# Rincon 650 duel exhaust



## racetex23 (Nov 5, 2014)

So im looking to do a project on my 650 that i am currently building. I was thinking of running a duel exhaust system using twin cherrybombs(glasspack) i know it will take some major rejetting. My question is is there any negative effects this could possible have?


----------



## Coolwizard (Feb 28, 2009)

If it is a car muffler, the back pressure wont be correct and you will most likely loose power.


----------



## Mac102004 (Apr 16, 2010)

You may notice it has only one cylinder.


----------



## racetex23 (Nov 5, 2014)

Coolwizard said:


> If it is a car muffler, the back pressure wont be correct and you will most likely loose power.


Thats what i was thinking so i was trying to think if a inline baffle would help out, almost like a restrictor plate in the exaust.
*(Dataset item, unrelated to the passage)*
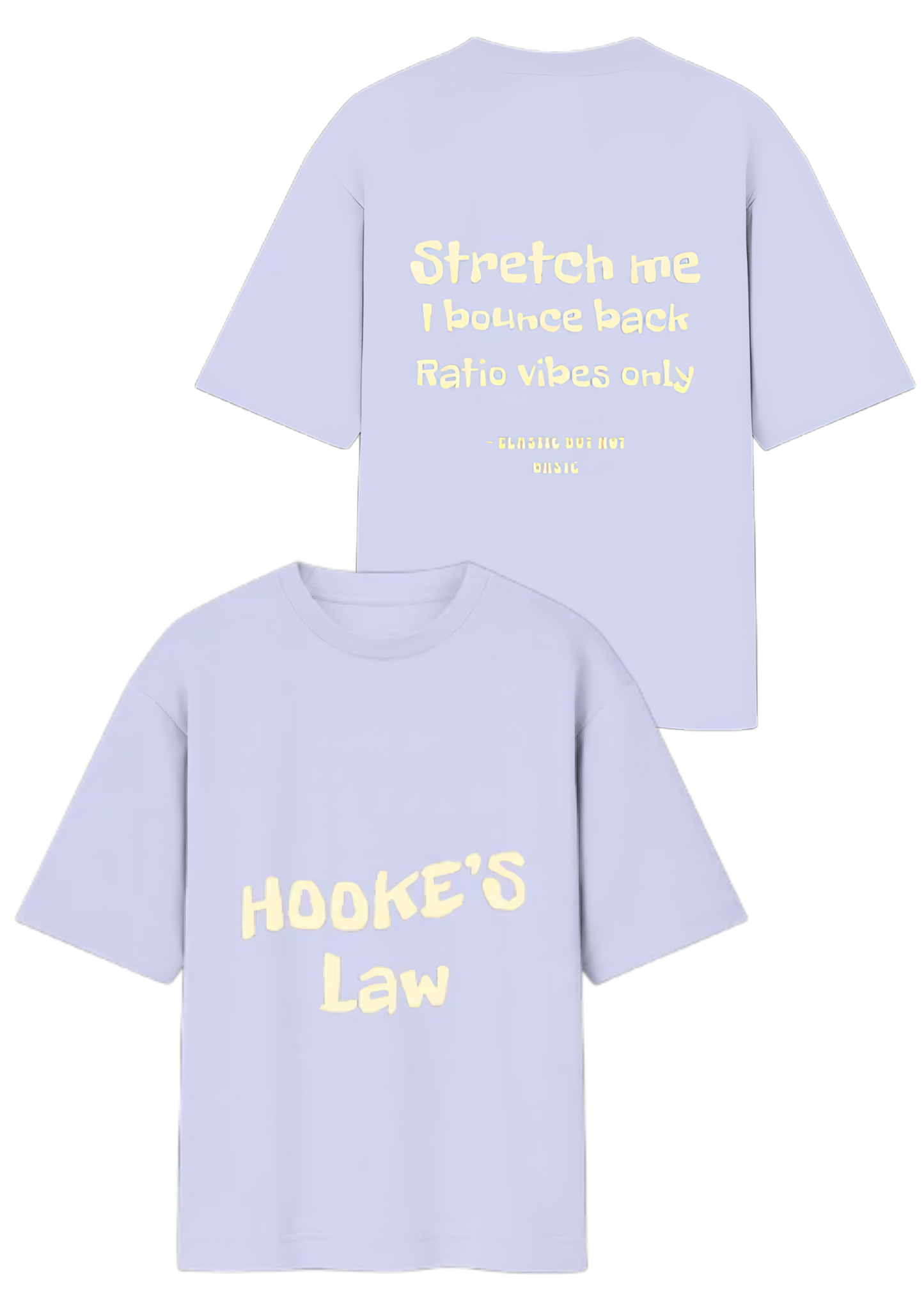 Hooke's law – Oversized Street Tee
I really want to get duels working good. Also thought about running two 350 hmf's

---------- Post added at 03:51 PM ---------- Previous post was at 03:43 PM ----------



Mac102004 said:


> You may notice it has only one cylinder.
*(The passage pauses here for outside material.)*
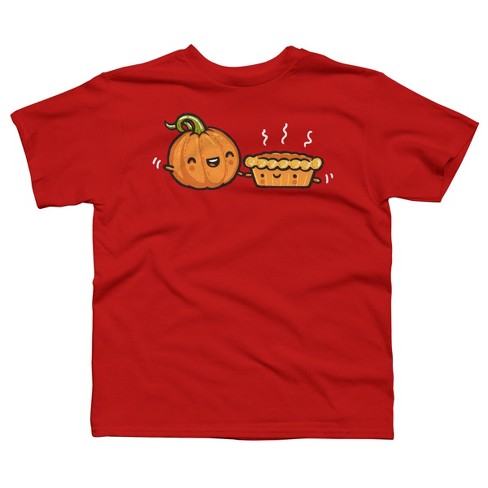 Boy's Design By Humans Pumpkin & Pie By walmazan T-Shirt - image 1 of 3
I am fully aware it is a single cylinder lol I would fab a Y in order to duel it


----------



## Stimpy (Jan 26, 2012)

I know some boys that used tractor mufflers on there 450, and 350's seemed to work good and not near as loud as a hmf


Sent from my iPhone using Tapatalk


----------



## JCooper (Jan 1, 2015)

Mac102004 said:


> You may notice it has only one cylinder.


^^ THIS lol!

Sent from Coop's S5 on Tapacrapatalk


----------